Fakultas Hukum ULM Menilai Kasus Pemerkosaan Mahasiswi oleh Mantan Polisi Sudah Direncanakan

ilustrasi pemerkosaan

BANJARMASIN, klikkalsel.com – Kasus Pemerkosaan terhadap salah satu mahasiswi Fakultas Hukum Universitas Lambung Mangkurat (ULM) berinisial PDVS yang dilakukan mantan anggota Polresta Banjarmasin, BT terus berlanjut.

Meski sebelumnya Kapolresta Banjarmasin Kombes Pol Sabana Atmojo, Selasa (25/1/2022) telah mendatangi Fakultas Hukum ULM untuk menyampaikan permintaan maaf terkait kejadian yang menimpa Mahasiswi Fakultas Hukum ULM tersebut.

Permintaan maaf berjalan dengan lancar, namun upaya pihak Fakultas ULM tetap akan melanjutkan permasalahan kasus tersebut.

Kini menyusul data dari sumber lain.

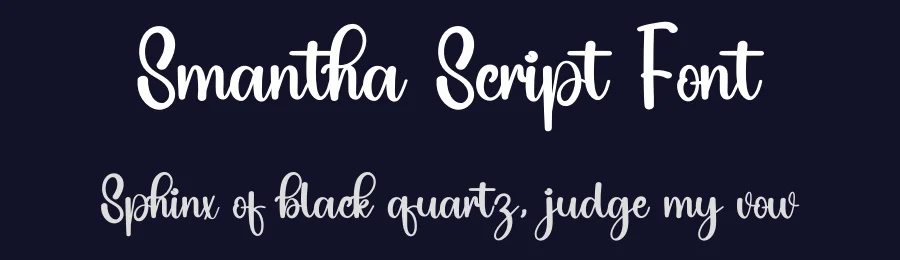 Smantha Script Font by inermediaSTUDIO — Script Handwritten Font — thumbnail 2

Disampaikan salah satu anggota Tim Keadilan untuk PDVS di Fakultas ULM, Ahmad Ratomi, bahwa dalam sistem pengadilan pidana, saat korban melapor, maka ia mewakilkan dirinya pada negara. Pun demikian saat prosesnya berlangsung.

“Maka ada tanggung jawab moral terhadap perkara yang dijalani korban. Maka setiap tahapan yang dijalani, korban mestinya diberitahu,” ujarnya, Selasa (25/1/2022).

Selain itu menurutnya harus diberikan penegak hukum. Baik saat ditangani pihak kepolisian, mau pun kejaksaan. Hal ini sebagai bentuk transparansi dari penegak hukum.

“Tujuannya, agar tidak ada kesan bahwa kasus ini ditutup-tutupi atau  disembunyikan,” lanjutnya.

Namun dalam hal ini terdapat beberapa fakta, bahwa korban justru terkejut karena ternyata prosesnya sendiri sudah sampai pada putusan pengadilan. Artinya, korban tidak mengetahui, kapan putusan itu dibacakan.

“Salah satu hak korban itu, mengetahui perkembangan perkaranya,” jelasnya.

Baca Juga : Siaran Pers Dari ULM Banjarmasin Terkait Kasus Pemerkosaan Oleh Oknum Polisi, Ini Tanggapan Kapolresta Banjarmasin

Baca Juga : Legislator Kalsel di Senayan Minta Presiden Antisipasi Konflik di Kalimantan Akibat Pernyataan Edy Mulyadi

Kemudian, bila melihat kasus yang ada, Ratomi mengatakan, bahwa mestinya jaksa bisa menggali dan merespon, bagaimana keadaan korban.

“Kasus ini kami rasa, ibarat pembunuhan seperti pembunuhan berencana. Sehingga hukumannya itu lebih berat,” tegasnya.

Selain itu, dari kronologis yang disampaikan oleh korban, pelaku diketahui menyiapkan minuman yang kemudian diminum oleh korban, meskipun semula korban sempat menolak lantaran melihat tutup botol minuman sudah terbuka.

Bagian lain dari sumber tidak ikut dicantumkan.